■ **EXERCISE**
This exercise requires an exact output of the listing, images omitted.

■ **SUPPLIED MATERIAL**
○ ○ ○
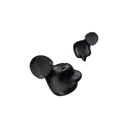 Xiaomi Redmi Buds 3 Lite Negro
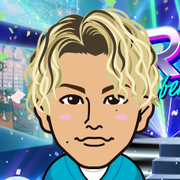 ���[�ڂ����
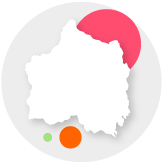 Línea de Investigación Cali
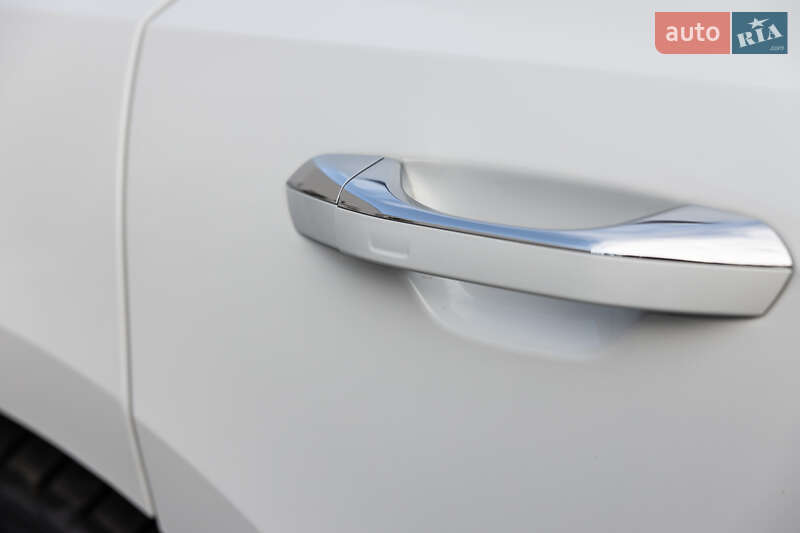 Седан Audi A8 2019 в Луцьку фото 93 Седан Audi A8 2019 в Луцьку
○ ○ ○
■ **FINAL ANSWER**
 Xiaomi Redmi Buds 3 Lite Negro
 ���[�ڂ����
 Línea de Investigación Cali
 Седан Audi A8 2019 в Луцьку фото 93 Седан Audi A8 2019 в Луцьку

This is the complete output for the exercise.